Go down

L’immagine del leader come persona forte e carismatica permane nel tempo nonostante i tanti tentativi di attribuirgli una luce diversa. Rappresentazioni da cui derivano le ormai logore distinzioni tra capo e leader. Perché nella differenza tra chi comanda e basta e chi dimostra le capacità di saper guidare, resta comunque quello scalino - “one up one down” - capace, nella sua staticità, di generare innumerevoli tensioni e conflitti. Il primo passaggio per poter attingere all’idea di una leadership sostenibile consiste quindi nel riuscire a riformulare quell’apparente contraddizione. Attribuire un significato diverso all’inevitabile asimmetria di relazione, da intendersi sempre come una qualità temporanea del processo d’influenza e mai come una rendita di posizione stabile nel tempo.


La quantità di definizioni del concetto di leadership non ha probabilmente eguali nella letteratura del settore. È sufficiente consultare qualche testo di psicologia, sociologia o di cultura  manageriale per rendersene conto. Oppure, più semplicemente, attingere a un classico del sociologo americano Joseph Rost,  Leadership for the twenty-first century, che già nel 1991 ne citava 221. Un tale proliferare di definizioni ha sicuramente più di una spiegazione: la mutevolezza intrinseca di un concetto profondamente legato all’evoluzione sociale, soggetto quindi all’influsso di modelli educativi e culturali che hanno attribuito nel tempo significati diversi all’idea stessa di autorevolezza. Si aggiunge poi il limite dovuto ai tentativi di oggettivare una funzione che si genera in un processo di relazione, per sua natura quindi inevitabilmente intersoggettivo.
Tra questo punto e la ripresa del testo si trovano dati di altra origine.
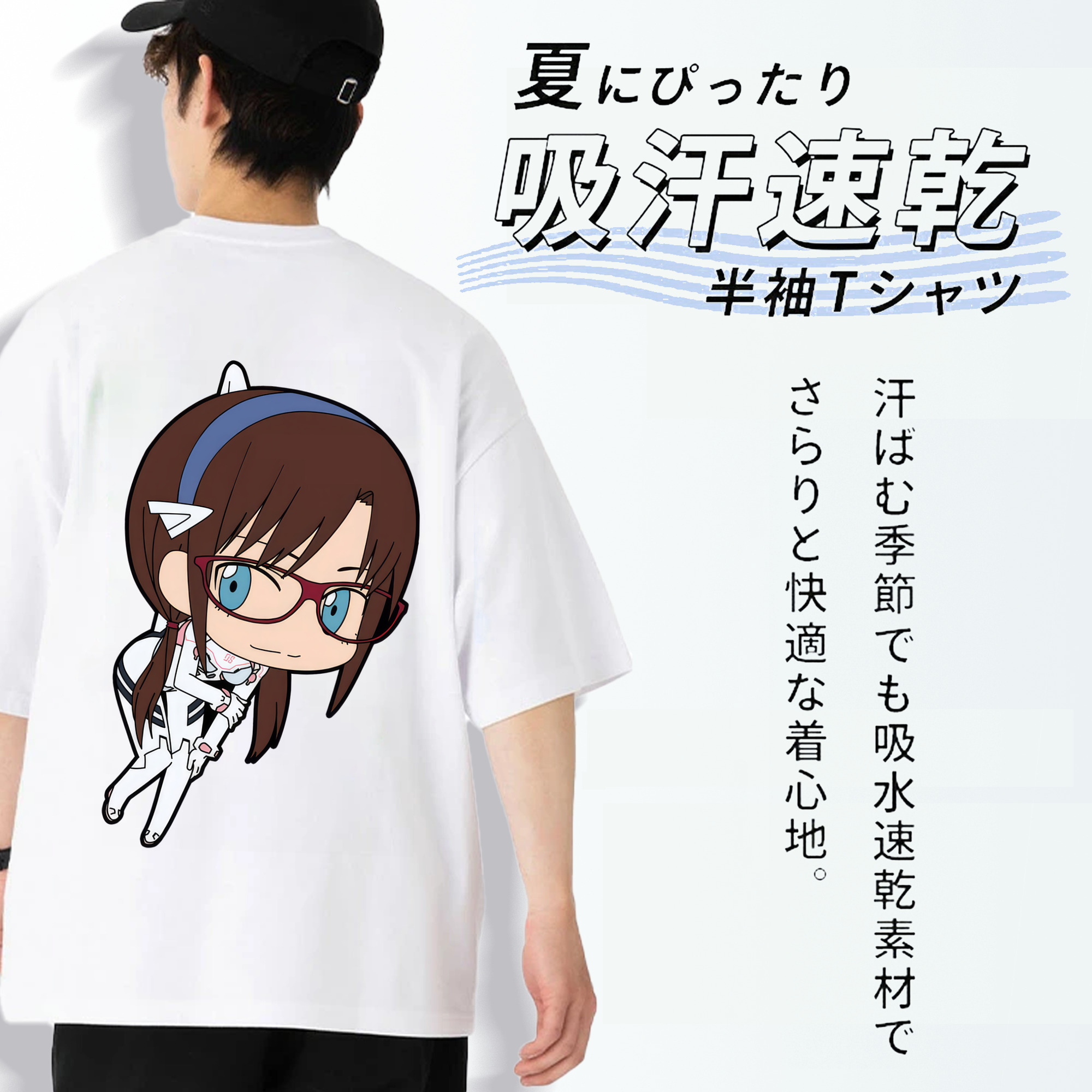 EVA 新世紀エヴァンゲリオン 綿100％ メンズ半袖Tシャツ（バックプリント） 通気性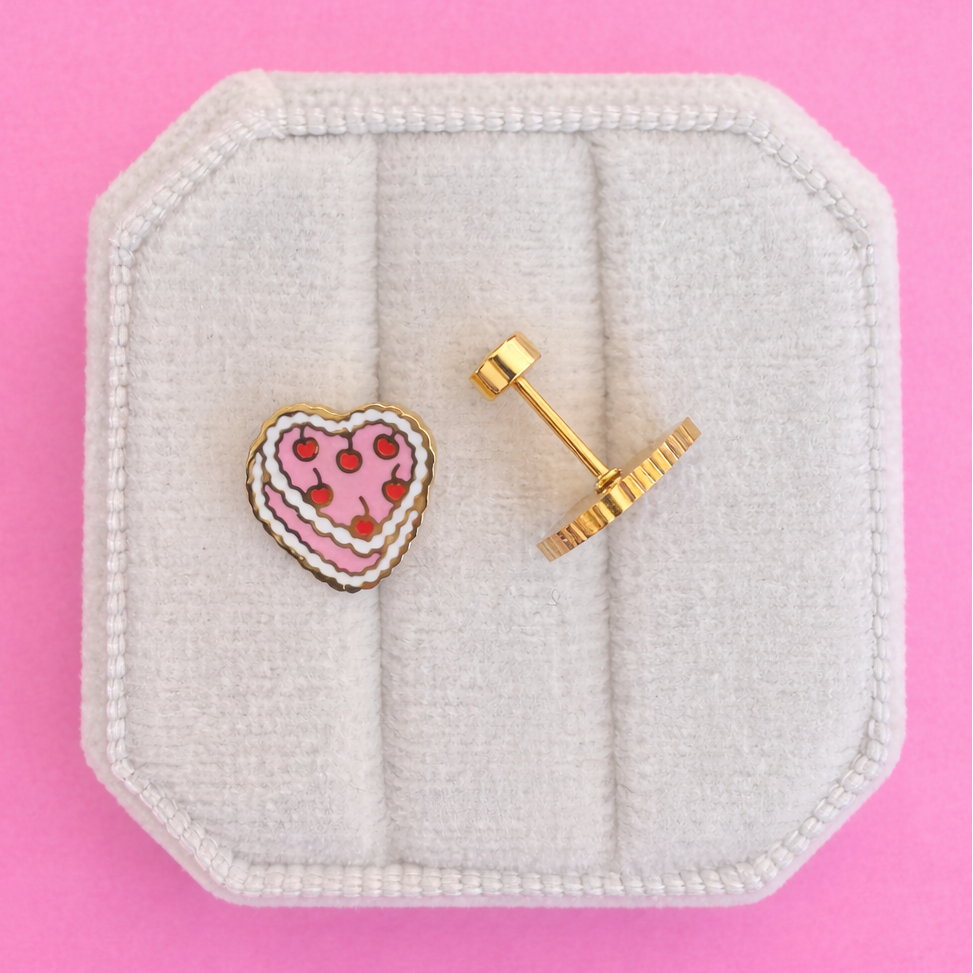 Vintage Heart Cake Stud Earrings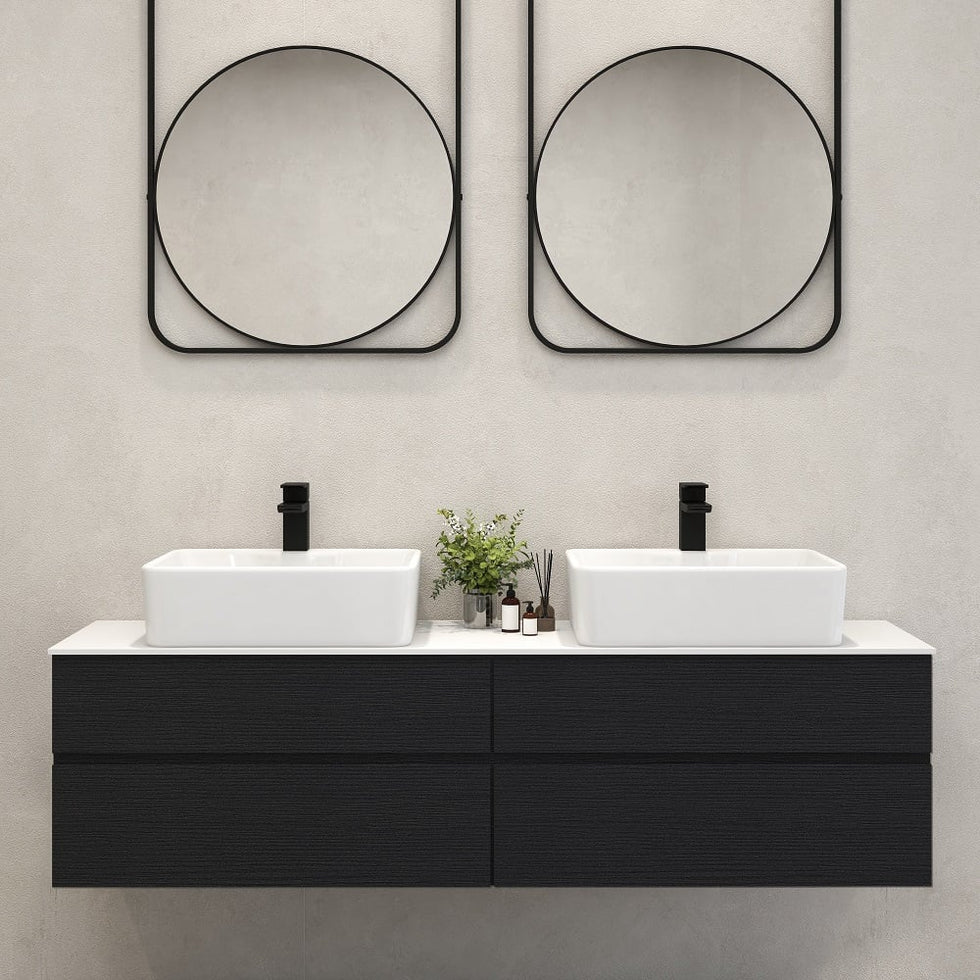 HMR - Modern Floating Bathroom Vanity Set with Faux Marble Top & Double Ceramic with Vessel Sink
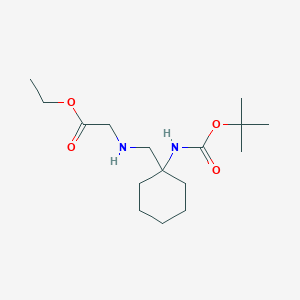 molecular formula C16H30N2O4 B6363272 Ethyl 2-{[(1-{[(tert-butoxy)carbonyl]amino}cyclohexyl)methyl]amino}acetate CAS No. 1253527-84-2
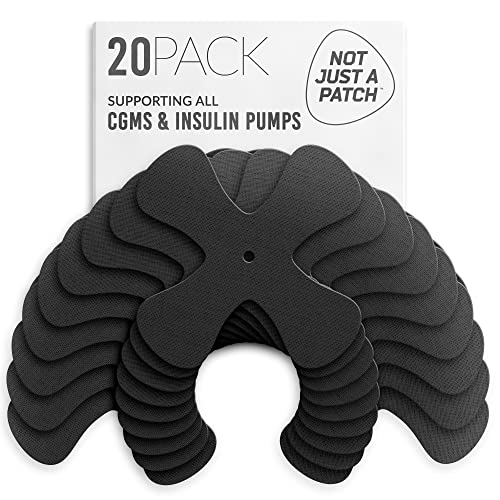 Not Just A Patch XPatch CGM Sensor Patches 20 Pack Water Resistant Omnipod 5 Adhesive Patches Durable for Active Lifestyle for 1014 Days Compatible with Dexcom G6 Libre 2 in Black
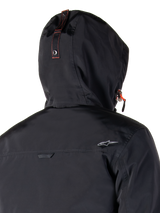Alpinestars Mootant Waterproof Parka, Motorcycle Jacket, Spicy Orange and Black, featuring a modular 4-season design with a removable hood, utilitarian military style, and waterproof textile construction for all-weather riding.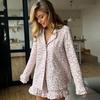 Women's New Spring and Summer Printed Loose Long-sleeved Tops, Shorts, Pajamas Suits, Pure Cotton Casual Home Clothes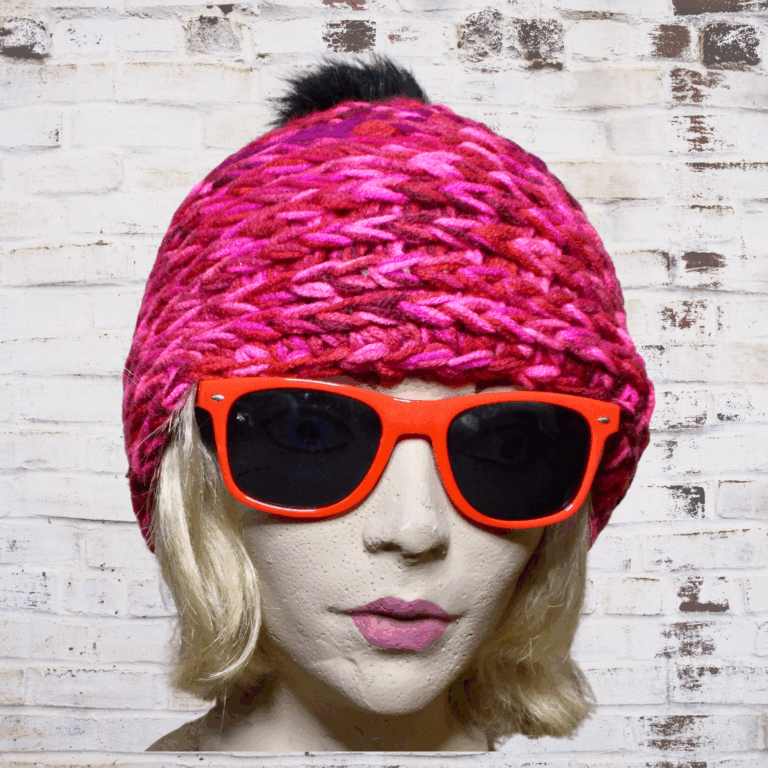 Handcrafted PNW Beanie: Raspberry Ripple Black Fur Pompom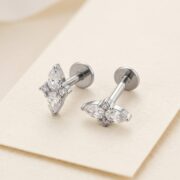 Flat Back Stud Earrings Crystal Marquise in F136 Titanium - soft flatlay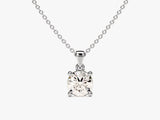 Prong Set Round Cut Solitaire Pendant (0.50 CT)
Infine, il rischio di cristallizzare questa capacità nella descrizione delle caratteristiche ideali di una persona particolarmente carismatica. 

Ciò che colpisce, a un’analisi più attenta, è anche la profonda distanza che caratterizza alcune di queste definizioni. L’elenco, come abbiamo visto, sarebbe lunghissimo ma è sufficiente citare anche solo pochi degli aggettivi che di volta in volta sono stati accostati all’idea di leadership per cogliere immediatamente queste discrepanze: coercitiva, autorevole, comunicativa, affiliativa, democratica, carismatica, persuasiva, ecc. Eppure, il tentativo di attribuire attraverso un nuovo concetto la caratteristica vincente della “leadership del momento” si riaffaccia sempre, in particolare nei periodi di crisi, quando grandi cambiamenti si profilano all’orizzonte. È questo il caso della recente definizione di “leader gentile” nata dal disorientamento che ha investito il mondo del lavoro post crisi pandemica. Probabilmente è questa la ragione che indusse il guru della consulenza manageriale Peter Druker a cercare di aggirare tali problemi affermando, in modo un po’ tautologico, che: “l’unica possibile definizione di un leader è qualcuno che ha followers”. Alla fine, di fronte ai tanti tentativi di descrivere la vera essenza della leadership, verrebbe voglia di parafrasare la celebre frase di Sant’Agostino sul tempo: “se nessuno me lo chiede so che cos’è, ma se mi chiedono una spiegazione non lo so più”. 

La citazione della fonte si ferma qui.